Exercise objective: Exactly reproduce the entries, dropping any pictures from your copy.

Image-caption web data:
Start of Block

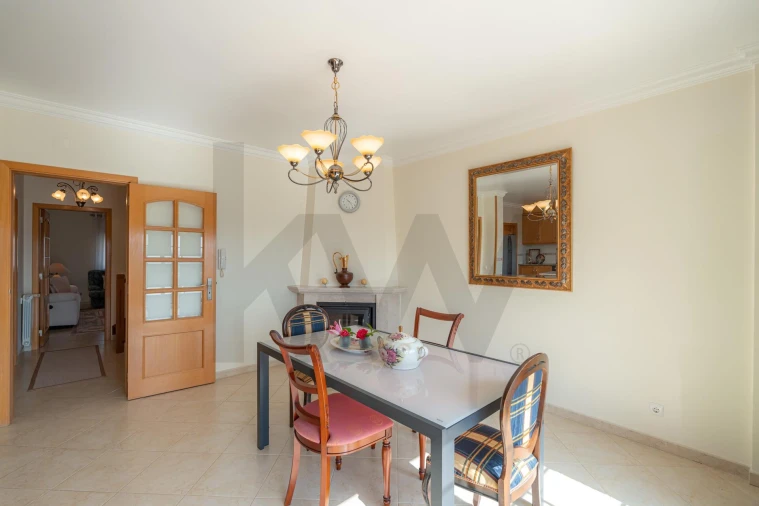 Moradia T5 para Venda em Buarcos Foto 12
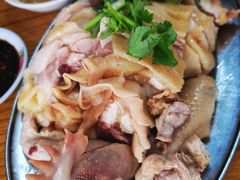 -肥婆兰鸡饭(西门外街店)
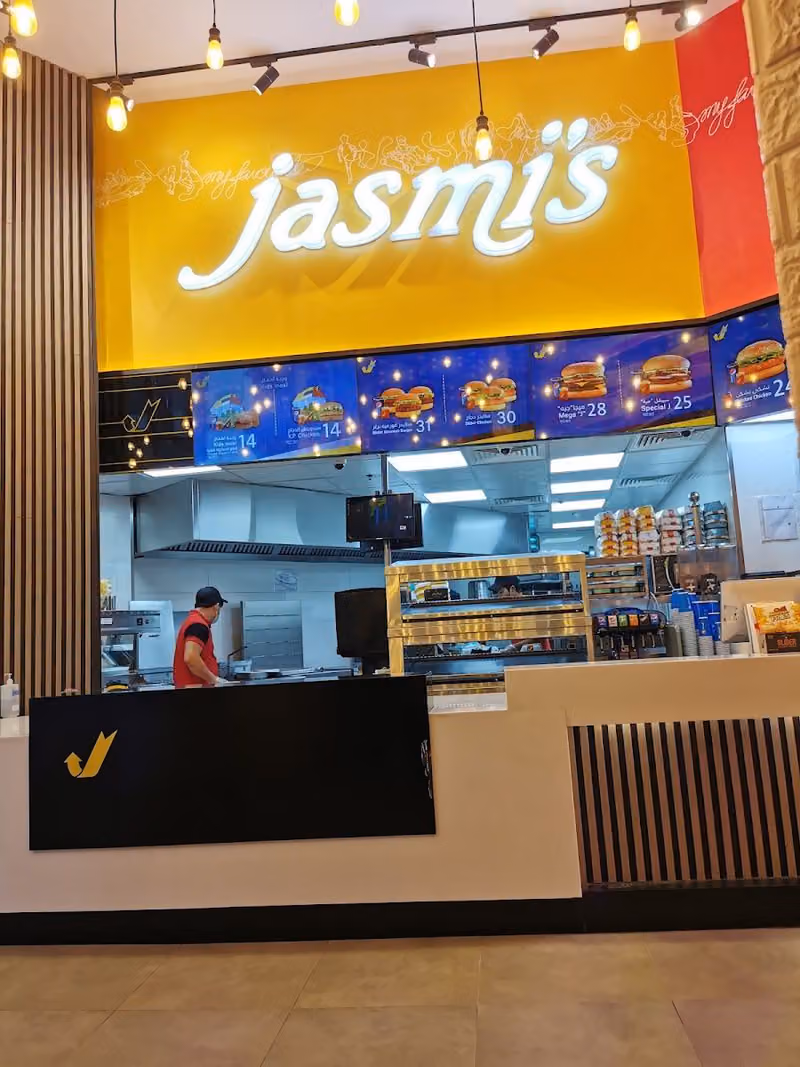 Jasmi's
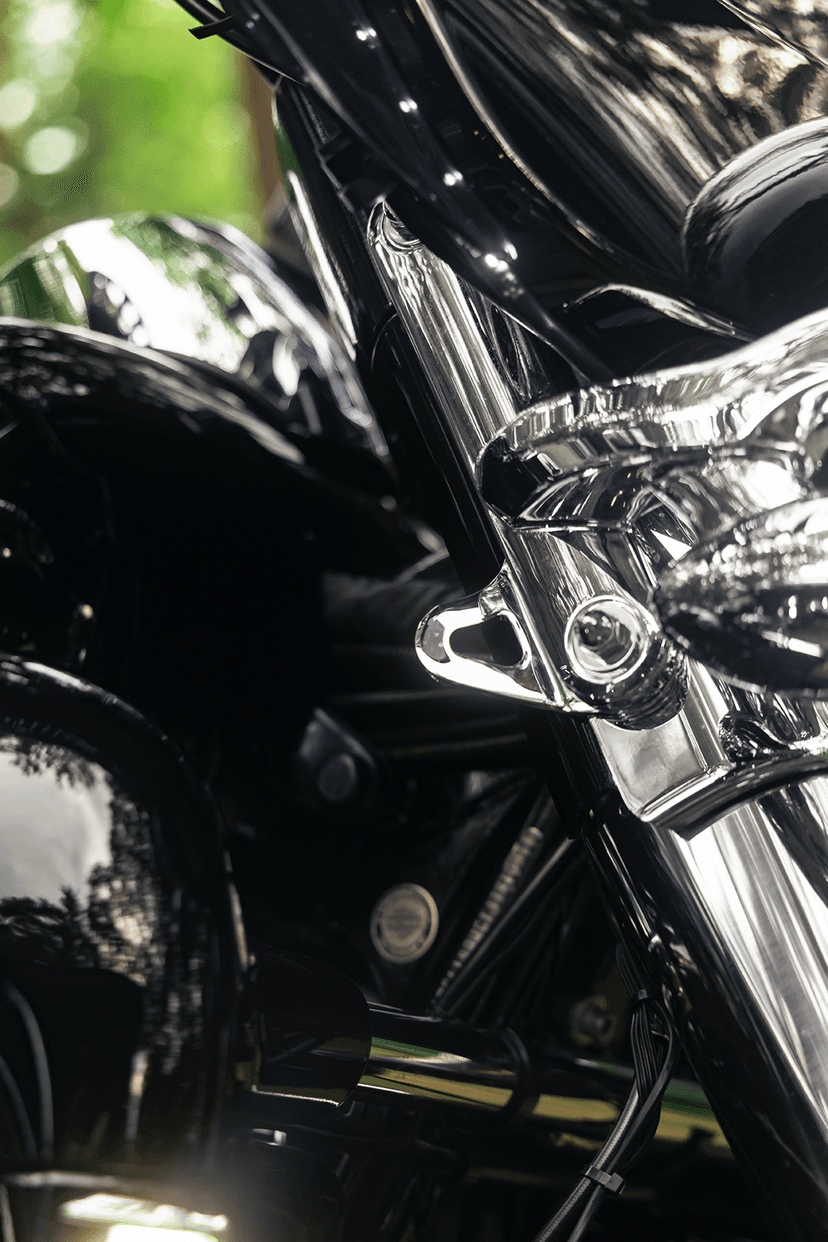 CIRO 0502-0571 Tie-Down Brackets - Chrome — image 3 of 3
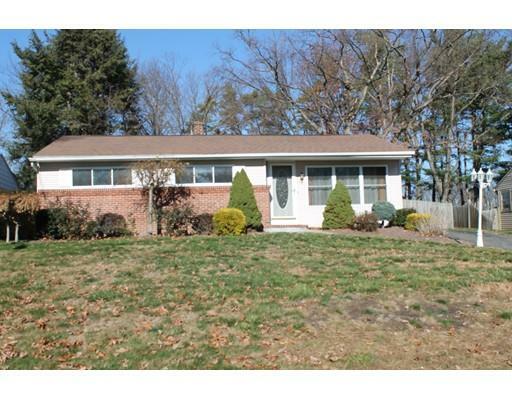Property Photo: 76 Brittany Rd MA 01151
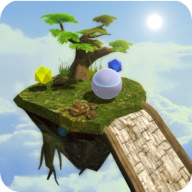 ƽ3D(Balance Ball 3DSky Worlds)1.0.1 ׿İ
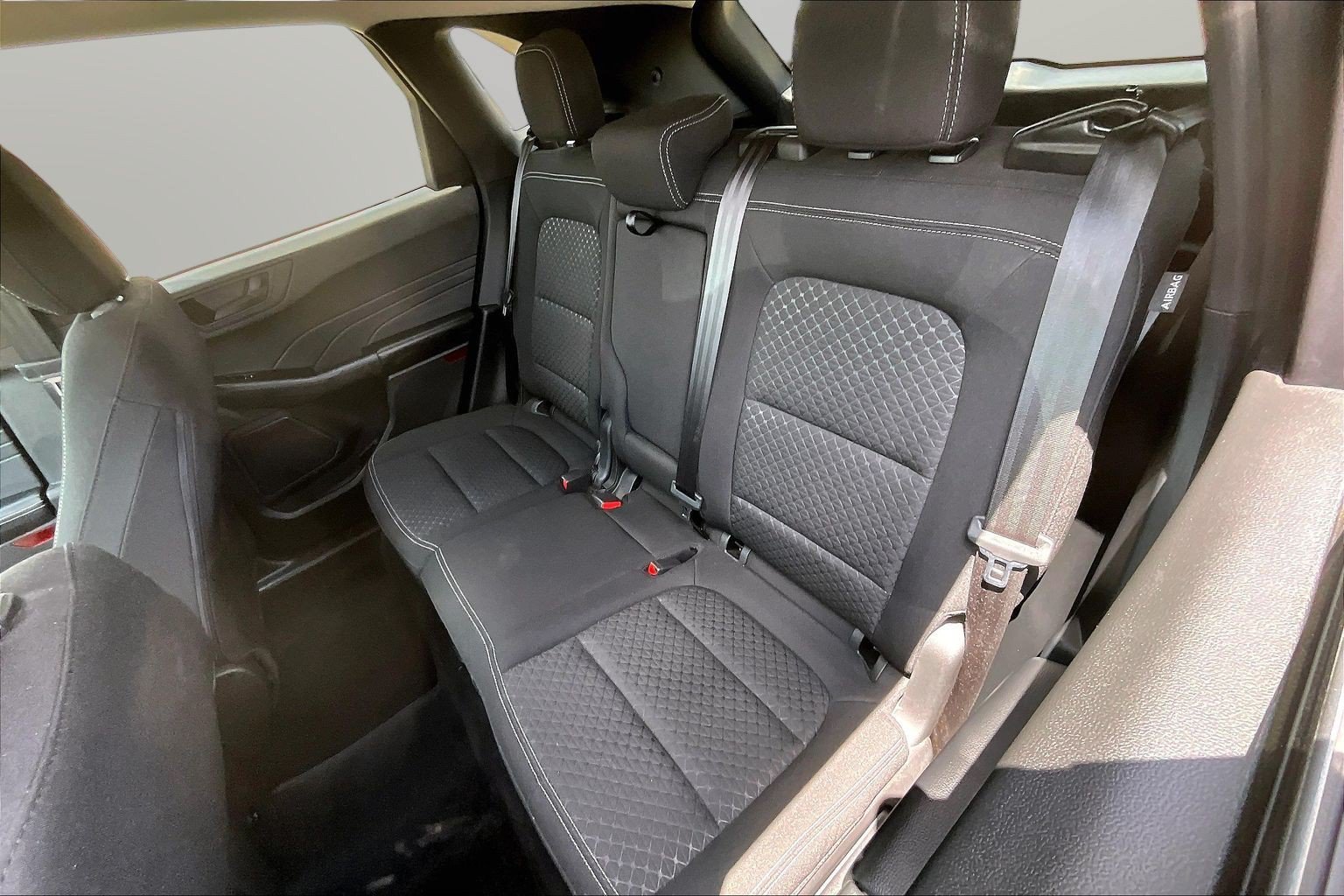 Used 2023 Ford Escape Active AWD/4WD image 18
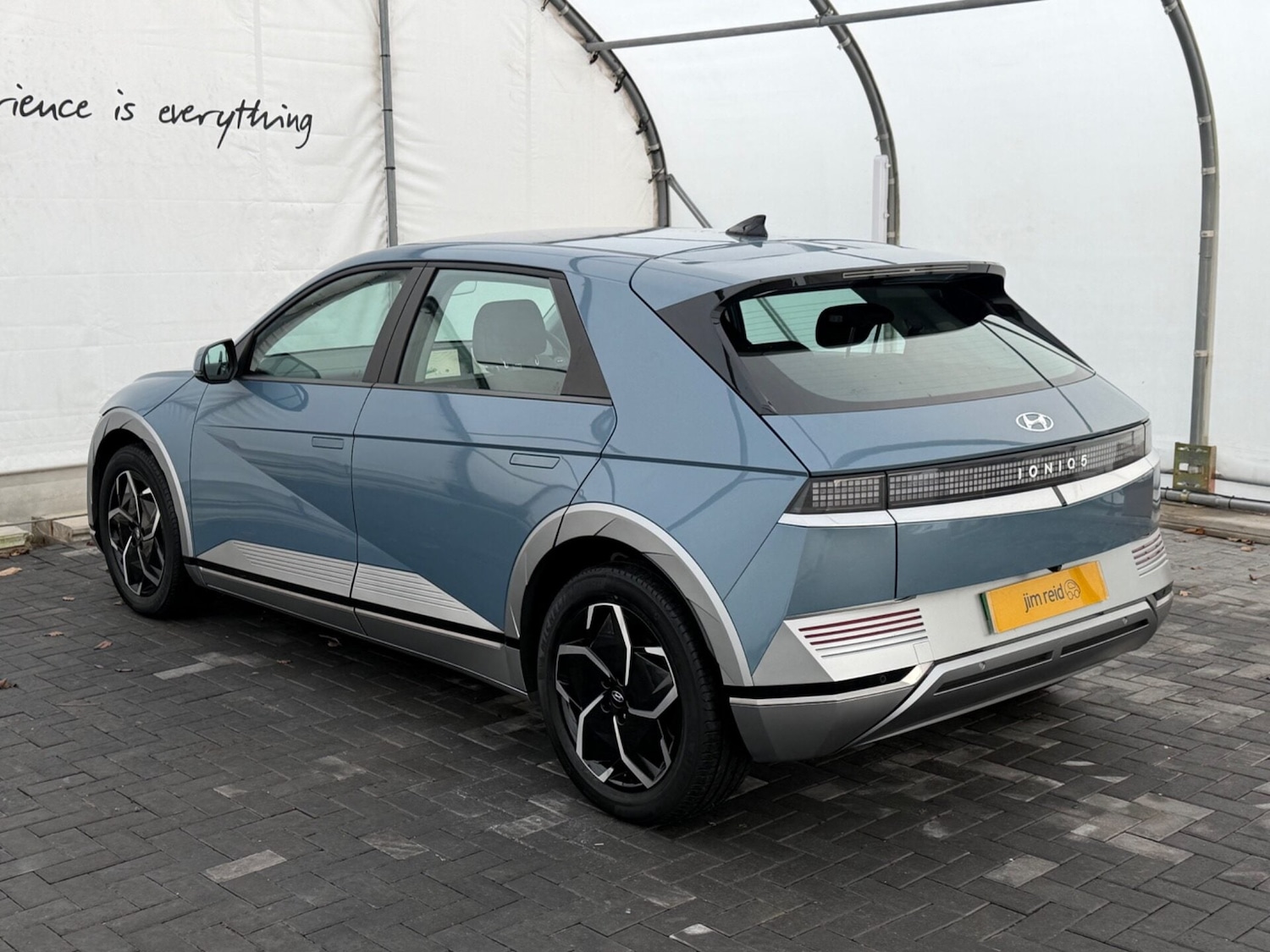 Used Hyundai IONIQ 5 2023 for sale - 77208684: Photo 15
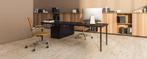 Parquet en Pin Massif, Maison & Meubles, Ameublement | Revêtements de sol, Neuf, Enlèvement, Bois Clair, 75 m² ou plus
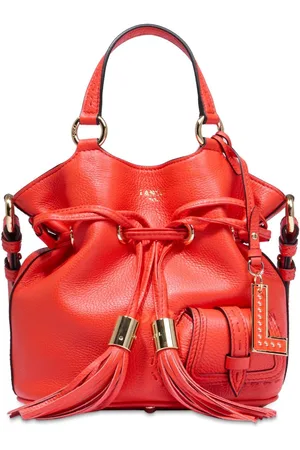 LANCEL Small Premier Flirt bucket bag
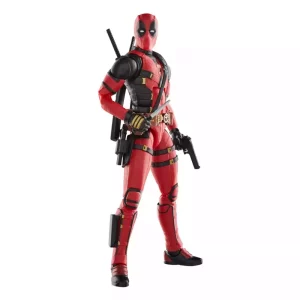 Action Figure Marvel Legends Deadpool & Wolverine - 15 cm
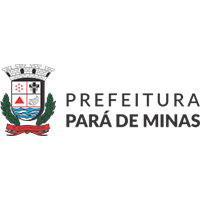logo para de minas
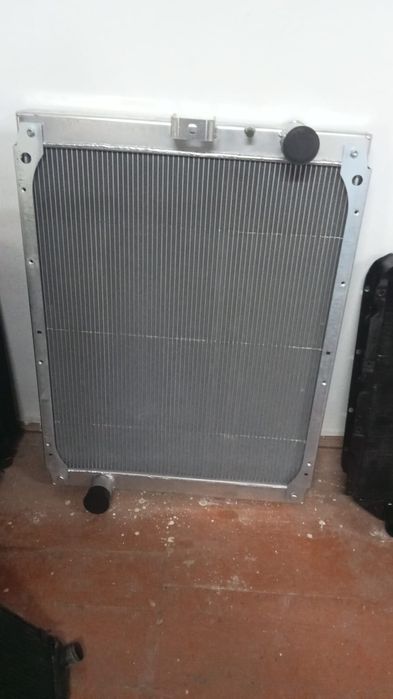 Радиаторлар сатылады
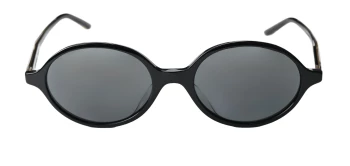 Oliver Peoples OV5574SU 2000C 0OV5574SU style-color 149287 Black / Grey Lens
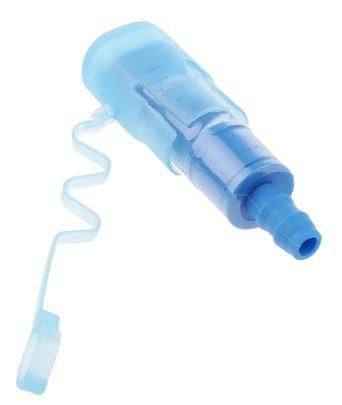 Bite Valve With Cover Mouthpiece Suction Nozzle, Note. This is not made by Camelbak - Image 2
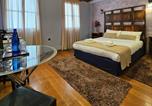 Location vacances Nauplie - Kallisti Luxury rooms-1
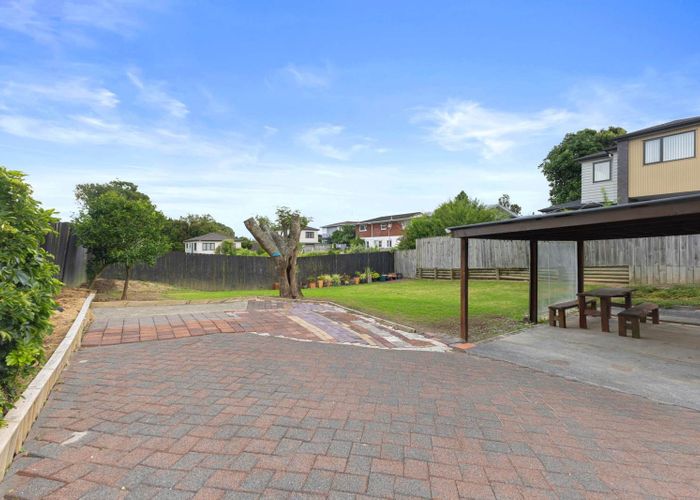  at 12A Evans Road, Weymouth, Manukau City, Auckland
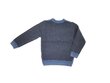 Džemperis zēniem Ronnie Kay, zils цена и информация | Zēnu jakas, džemperi, žaketes, vestes | 220.lv
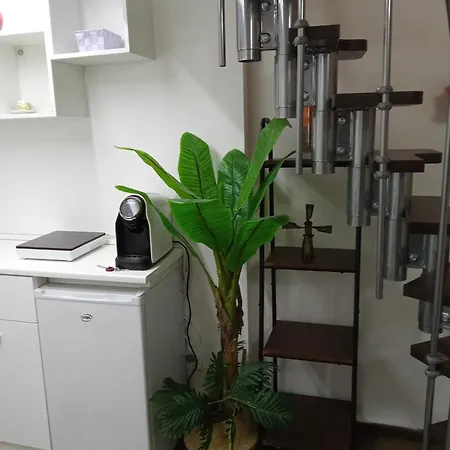 Apartament Corte Di Lorenzo A Vecchia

End of Block

Task answer:
 Moradia T5 para Venda em Buarcos Foto 12
 -肥婆兰鸡饭(西门外街店)
 Jasmi's
 CIRO 0502-0571 Tie-Down Brackets - Chrome — image 3 of 3
Property Photo: 76 Brittany Rd MA 01151
 ƽ3D(Balance Ball 3DSky Worlds)1.0.1 ׿İ
 Used 2023 Ford Escape Active AWD/4WD image 18
 Used Hyundai IONIQ 5 2023 for sale - 77208684: Photo 15
 Parquet en Pin Massif, Maison & Meubles, Ameublement | Revêtements de sol, Neuf, Enlèvement, Bois Clair, 75 m² ou plus
 LANCEL Small Premier Flirt bucket bag
 Action Figure Marvel Legends Deadpool & Wolverine - 15 cm
logo para de minas
 Радиаторлар сатылады
 Oliver Peoples OV5574SU 2000C 0OV5574SU style-color 149287 Black / Grey Lens
 Bite Valve With Cover Mouthpiece Suction Nozzle, Note. This is not made by Camelbak - Image 2
 Location vacances Nauplie - Kallisti Luxury rooms-1
  at 12A Evans Road, Weymouth, Manukau City, Auckland
 Džemperis zēniem Ronnie Kay, zils цена и информация | Zēnu jakas, džemperi, žaketes, vestes | 220.lv
 Apartament Corte Di Lorenzo A Vecchia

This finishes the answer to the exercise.